═════ SUPPLIED RECORDS ═════

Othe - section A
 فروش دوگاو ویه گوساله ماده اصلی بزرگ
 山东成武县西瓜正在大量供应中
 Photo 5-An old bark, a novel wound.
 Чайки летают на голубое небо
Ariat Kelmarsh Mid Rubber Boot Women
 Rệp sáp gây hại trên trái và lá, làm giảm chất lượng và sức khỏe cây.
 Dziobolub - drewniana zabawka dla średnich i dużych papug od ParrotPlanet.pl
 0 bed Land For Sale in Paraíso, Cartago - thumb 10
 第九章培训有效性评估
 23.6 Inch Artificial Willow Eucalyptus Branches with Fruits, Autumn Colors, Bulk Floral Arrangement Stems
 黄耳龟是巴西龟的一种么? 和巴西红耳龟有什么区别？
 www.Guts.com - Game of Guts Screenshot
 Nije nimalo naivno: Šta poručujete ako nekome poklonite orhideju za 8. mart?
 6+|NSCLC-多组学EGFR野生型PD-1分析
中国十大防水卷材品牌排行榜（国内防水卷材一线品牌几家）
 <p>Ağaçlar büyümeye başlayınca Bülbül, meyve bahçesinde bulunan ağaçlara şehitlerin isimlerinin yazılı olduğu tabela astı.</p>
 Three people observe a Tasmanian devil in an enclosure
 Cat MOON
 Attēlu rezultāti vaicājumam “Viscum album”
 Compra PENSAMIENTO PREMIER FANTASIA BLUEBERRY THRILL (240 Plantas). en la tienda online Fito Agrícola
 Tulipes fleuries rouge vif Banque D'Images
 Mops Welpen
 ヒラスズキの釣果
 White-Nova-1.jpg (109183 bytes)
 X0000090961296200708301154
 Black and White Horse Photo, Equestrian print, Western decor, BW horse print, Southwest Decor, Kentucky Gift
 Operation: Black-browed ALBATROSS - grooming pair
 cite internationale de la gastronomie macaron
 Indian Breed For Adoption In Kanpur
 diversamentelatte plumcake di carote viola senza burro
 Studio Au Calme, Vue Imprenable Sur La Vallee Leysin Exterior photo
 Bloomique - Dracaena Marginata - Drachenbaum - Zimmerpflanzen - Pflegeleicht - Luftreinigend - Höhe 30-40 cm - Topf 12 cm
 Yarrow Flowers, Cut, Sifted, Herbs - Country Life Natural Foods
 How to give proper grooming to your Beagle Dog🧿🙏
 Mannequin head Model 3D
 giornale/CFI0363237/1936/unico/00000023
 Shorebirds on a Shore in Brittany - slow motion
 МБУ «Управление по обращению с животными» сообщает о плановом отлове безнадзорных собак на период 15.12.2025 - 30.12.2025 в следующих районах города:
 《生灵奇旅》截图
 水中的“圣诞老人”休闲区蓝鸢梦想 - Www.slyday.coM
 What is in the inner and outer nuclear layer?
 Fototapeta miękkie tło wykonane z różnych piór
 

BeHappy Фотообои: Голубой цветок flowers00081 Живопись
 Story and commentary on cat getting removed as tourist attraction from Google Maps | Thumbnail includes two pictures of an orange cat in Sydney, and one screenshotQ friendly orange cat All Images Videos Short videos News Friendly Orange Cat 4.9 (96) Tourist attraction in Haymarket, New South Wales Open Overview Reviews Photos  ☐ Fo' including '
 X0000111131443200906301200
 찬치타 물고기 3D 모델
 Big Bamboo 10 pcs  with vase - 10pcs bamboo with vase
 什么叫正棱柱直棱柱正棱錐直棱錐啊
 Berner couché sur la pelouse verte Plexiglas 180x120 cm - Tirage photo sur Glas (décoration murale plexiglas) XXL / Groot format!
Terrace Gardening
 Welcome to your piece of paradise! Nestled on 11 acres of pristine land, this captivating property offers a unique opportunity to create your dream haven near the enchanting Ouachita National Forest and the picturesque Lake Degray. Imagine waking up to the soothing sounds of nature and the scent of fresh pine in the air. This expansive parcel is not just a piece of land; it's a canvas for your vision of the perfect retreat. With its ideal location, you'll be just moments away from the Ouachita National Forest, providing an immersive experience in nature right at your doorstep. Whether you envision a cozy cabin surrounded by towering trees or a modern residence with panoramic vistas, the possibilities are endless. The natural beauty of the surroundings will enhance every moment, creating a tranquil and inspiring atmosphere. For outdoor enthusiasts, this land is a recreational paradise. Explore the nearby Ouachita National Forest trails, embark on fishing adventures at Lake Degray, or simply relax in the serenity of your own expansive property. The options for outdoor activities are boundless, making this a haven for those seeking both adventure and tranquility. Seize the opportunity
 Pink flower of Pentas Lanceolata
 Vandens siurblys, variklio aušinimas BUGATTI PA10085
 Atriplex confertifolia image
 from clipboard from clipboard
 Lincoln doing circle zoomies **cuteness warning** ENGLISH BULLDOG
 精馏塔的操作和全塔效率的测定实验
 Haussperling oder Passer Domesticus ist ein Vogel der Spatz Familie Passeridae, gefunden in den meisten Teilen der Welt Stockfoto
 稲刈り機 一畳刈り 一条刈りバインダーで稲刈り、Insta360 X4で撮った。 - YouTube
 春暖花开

═════

What are the exact lines from the beginning of the material through the line containing "Attēlu rezultāti vaicājumam"? Write out those lines alone.

Othe - section A
 فروش دوگاو ویه گوساله ماده اصلی بزرگ
 山东成武县西瓜正在大量供应中
 Photo 5-An old bark, a novel wound.
 Чайки летают на голубое небо
Ariat Kelmarsh Mid Rubber Boot Women
 Rệp sáp gây hại trên trái và lá, làm giảm chất lượng và sức khỏe cây.
 Dziobolub - drewniana zabawka dla średnich i dużych papug od ParrotPlanet.pl
 0 bed Land For Sale in Paraíso, Cartago - thumb 10
 第九章培训有效性评估
 23.6 Inch Artificial Willow Eucalyptus Branches with Fruits, Autumn Colors, Bulk Floral Arrangement Stems
 黄耳龟是巴西龟的一种么? 和巴西红耳龟有什么区别？
 www.Guts.com - Game of Guts Screenshot
 Nije nimalo naivno: Šta poručujete ako nekome poklonite orhideju za 8. mart?
 6+|NSCLC-多组学EGFR野生型PD-1分析
中国十大防水卷材品牌排行榜（国内防水卷材一线品牌几家）
 <p>Ağaçlar büyümeye başlayınca Bülbül, meyve bahçesinde bulunan ağaçlara şehitlerin isimlerinin yazılı olduğu tabela astı.</p>
 Three people observe a Tasmanian devil in an enclosure
 Cat MOON
 Attēlu rezultāti vaicājumam “Viscum album”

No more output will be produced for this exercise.